▶ _Work request_: Look through the data below and output, unchanged, every line from the one holding "Slim Striped Cotton Oxford Shirt Off White" through the one holding "Portable wood grain", inclusive. Skip the pictures.

▶ _Data for this exercise_:
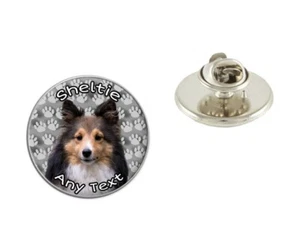 Personalised Sheltie Pin Badge 25mm Lapel Metal Custom Birthday Gift R200 - Picture 1 of 1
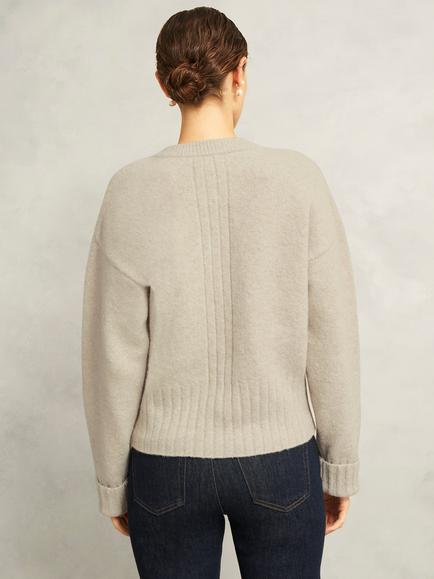 Hobbs Freya Crew Neck Cardigan, Oatmeal - view 2, Oatmeal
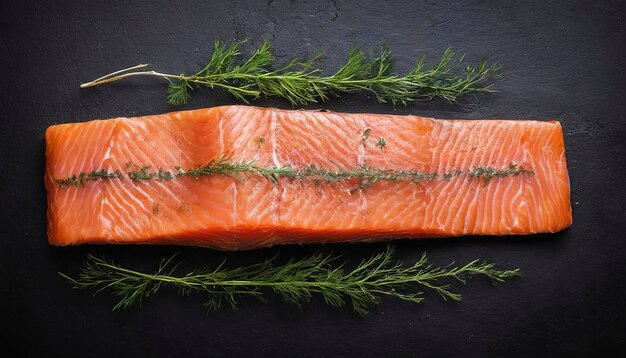 Nordic Gravlax zalmfilet met dille Zwarte achtergrond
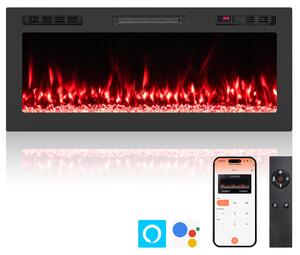 COSTWAY, camino elettrico da 42 pollici con riscaldamento da 750W/1500W, 12 colori di fiamma e brace, camino elettrico con controllo remoto/app, da montare a parete o da incasso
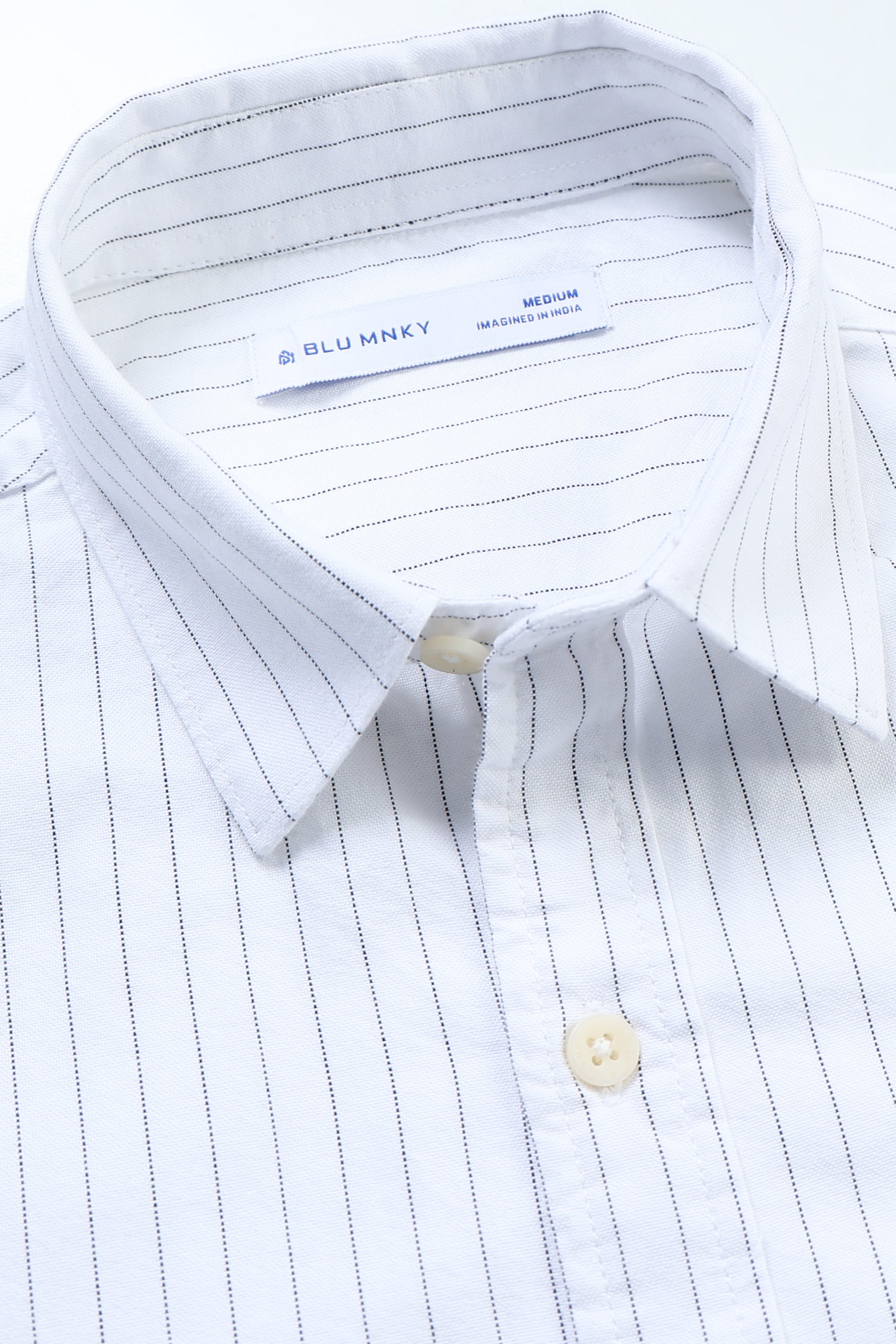 Slim Striped Cotton Oxford Shirt Off White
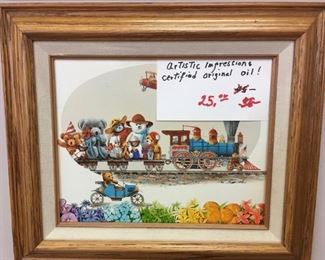Teddy bears on a train! Perfect oil painting for a child’s room, very colorful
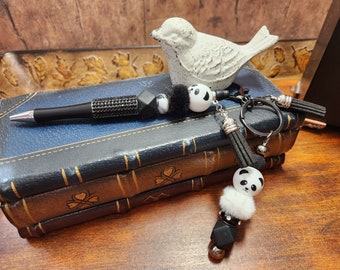 Handmade PANDA Bear Beaded Pen and Key Chain / Purse Fob Set FREE SHIPPING FatCatDesigns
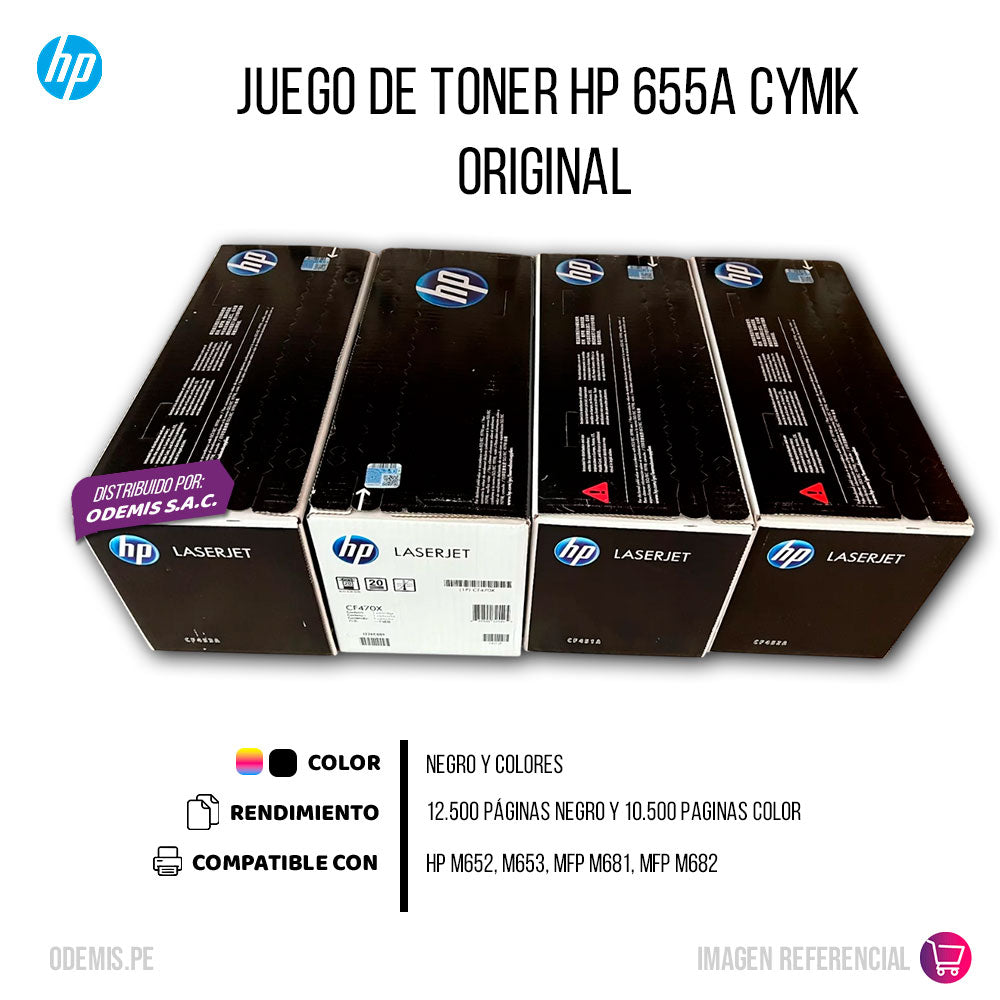 Kit de toner HP 655A CYMK M652dn, M681dh, M682z Original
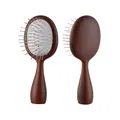 Portable wood grain hairbrush with steel pins and air cushion for daily scalp massage - 824歪脑袋-红棕色OPP装
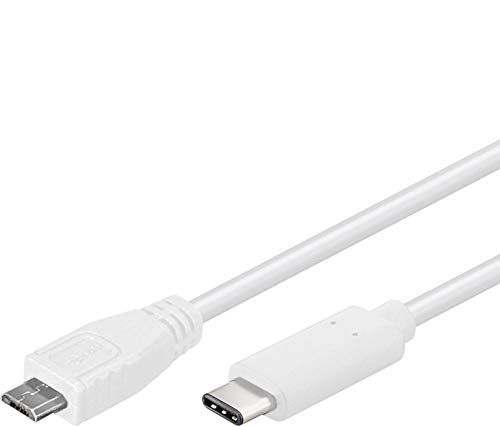 USB-C - Câble de Connexion Micro USB, Câble de Charge Jusqu'à 2,5 W, Câble de Données Jusqu'à 480 Mbit/s, USB Type C Mâle vers Micro USB Mâle, Triple Blindage, Couleur Blanc, Longueur 1 m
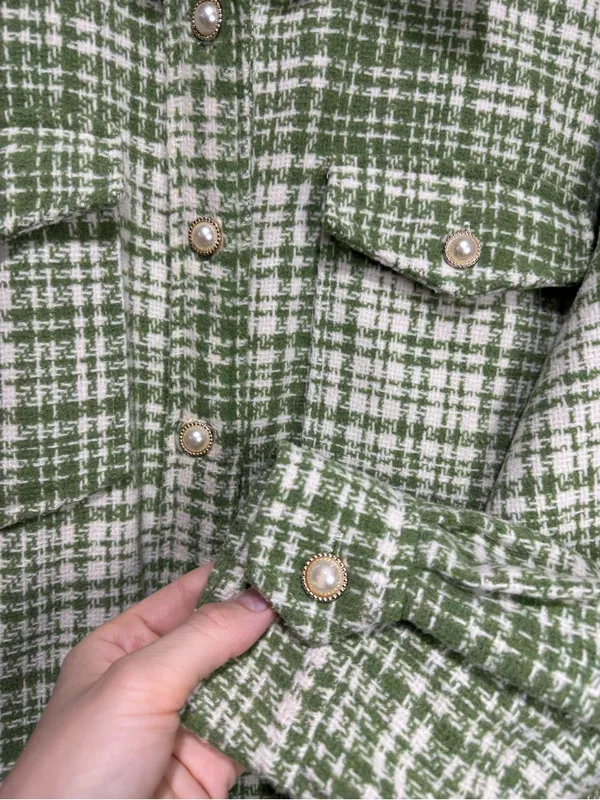 Forever 21 Green & White Tweed Houndstooth Shacket Pearl Buttons Medium - Image 4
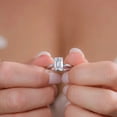 thumbnail image 3 of 2 Ct Emerald Cut Lab-Created Diamond Engagement Ring 14K White Gold Plated, 3 of 4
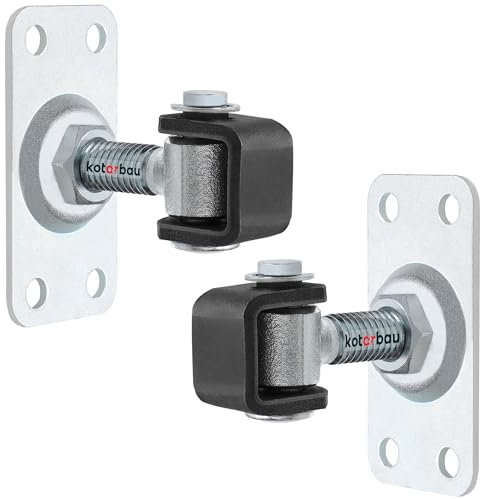KOTARBAU® Set di 2 cinghie regolabili per porte M12 da avvitare, rettangolari, 4 fori, S235JR, in acciaio galvanizzato, cerniere per porta, in argento, cerniera regolabile, cerniere per porta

▶ _Output for this exercise_:
 Slim Striped Cotton Oxford Shirt Off White
Teddy bears on a train! Perfect oil painting for a child’s room, very colorful
 Handmade PANDA Bear Beaded Pen and Key Chain / Purse Fob Set FREE SHIPPING FatCatDesigns
 Kit de toner HP 655A CYMK M652dn, M681dh, M682z Original
 Portable wood grain hairbrush with steel pins and air cushion for daily scalp massage - 824歪脑袋-红棕色OPP装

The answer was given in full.